Let's Not Bury Our Heads In the Sand When It Comes to Domestic Abuse

A post was shared recently on Facebook about how here in New Zealand there has been a shelter set up for pets, and other animals, of people that experience domestic violence and wish to escape from it.

This long overdue shelter is sure to provide so many, caught up in the hardship experience of trying to leave an abusive partner or spouse, with an additional much needed support, for them to make the break and get to safety.

Let's not bury our heads in the sand when it comes to domestic abuse being an issue here in Aotearoa New Zealand. It does occur. It occurs in various forms, and across the wide spectrum of socio-economic backgrounds that exist in our country.


Having been a small child myself who was caught up in a family situation that was, (to be diplomatic), 'difficult,' I know firsthand how worrying and traumatic a family break up is.

There is always history, often a long and lengthy, very painful history. What tips someone over to move away finally from the family home, may not always be just what was finally seen by outsiders viewing from the outside. Unless you are in it, experiencing it firsthand, the family unit and an actual family dynamic will not always be so very clearly apparent.

I know that I know trauma, as a result of what occurred in, around and beyond all of that primary family situation not being what it should have been, in my own family of origin home.

I know that I know memories that were not pleasant. They are vivid, they are significant and they are very real and in fact indeed true.

I know that I know the heartache and trauma a small child goes through when they suddenly face not having their beloved pet with them any longer, and they are in a situation that already makes them feel very terribly unsafe and vulnerable.

As much as there may be others who would wish for their own reasons that I never acknowledge or discuss in any measure the traumas resulting from my own childhood experience of domestic abuse, my memories, my experiences and the resulting trauma and heartache were very real and they are very true.

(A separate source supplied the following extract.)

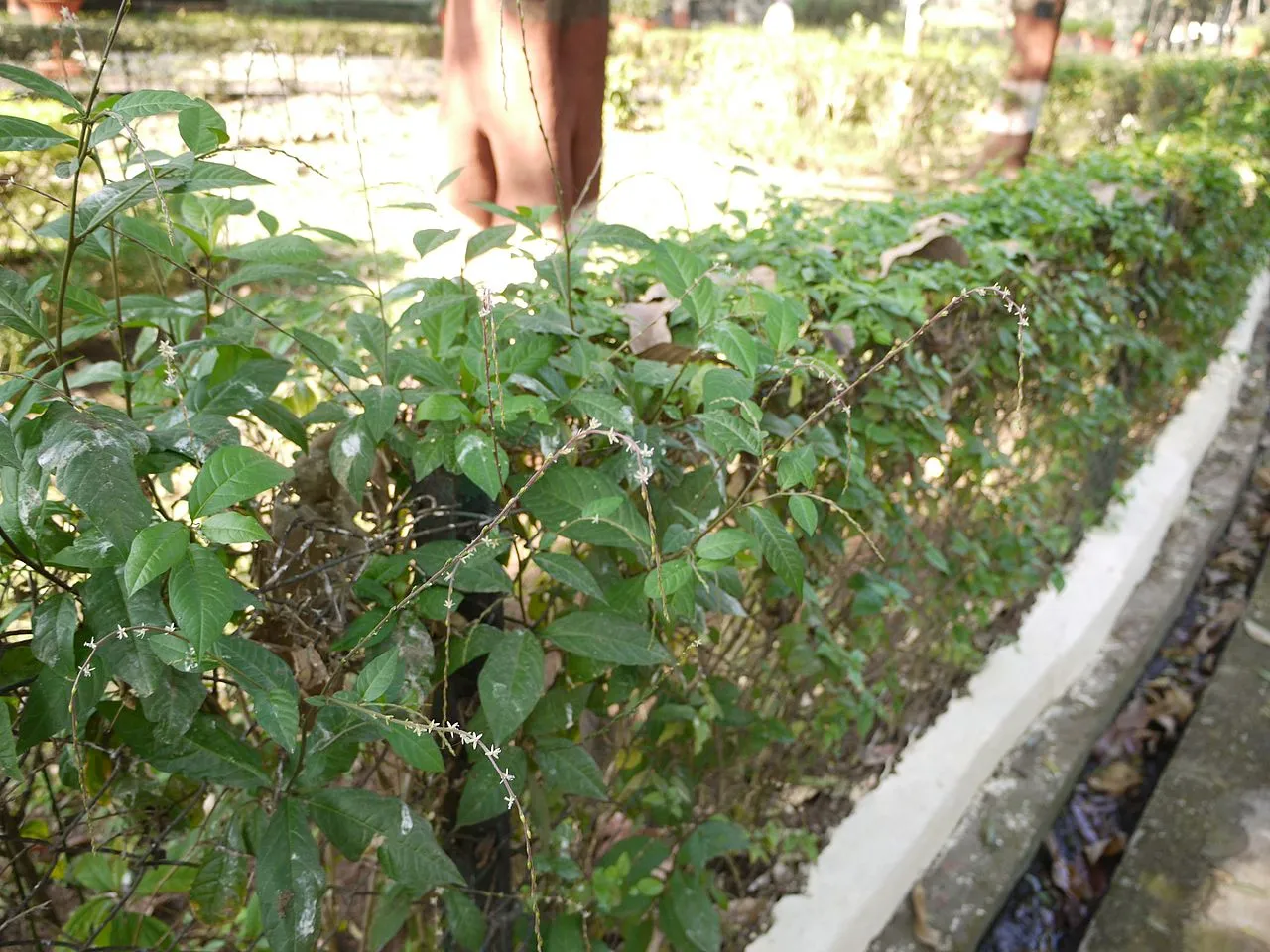 Guiné - Petiveria tetrandra — foto 5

Let's never bury our heads in the sand in Aotearoa New Zealand when it comes to domestic abuse. Let's never say that verbal abuse is acceptable or not such a big issue, because no one was ever literally hit.

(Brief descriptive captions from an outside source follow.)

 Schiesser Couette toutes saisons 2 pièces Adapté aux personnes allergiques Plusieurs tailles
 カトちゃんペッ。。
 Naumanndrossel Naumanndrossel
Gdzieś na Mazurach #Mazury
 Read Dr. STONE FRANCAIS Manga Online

Let's never bury our heads in the sand as a nation, or beyond, when it comes to a family break up and say that emotional abuse is somewhat acceptable, or of no real significance, simply because the tyrant or the bully could put on their mask & cloak of charm, when in front of extended family or the wider community, and thus appear to never be surely guilty of such an atrocious verbalisation or act.

Let's choose to be wiser and more discerning, to not be lead along unwittingly by falsehoods orchestrated and fabricated to provide other reasons for why someone within the household is withdrawn, depressed or obviously jumpy and tense.

Let's not take it for granted that someone throwing away the comment that they bruise easily, does in fact just bruise easily. There can be other things clearly dropping out clues, that do not weigh up to the family home being one that is calm, peaceful, and literally safe for all.

Physical abuse can take a number of forms, and victims of physical abuse will have been groomed over time to let each act of literal abuse not necessarily stand as what it is: abuse. A shove one day, a strong handed grip on an arm the next.... right through to an actual debilitating slap, punch or kick. They all are abuse when the hand, the foot or any other body part striking out does so in anger, and with the sole goal & purpose of controlling another.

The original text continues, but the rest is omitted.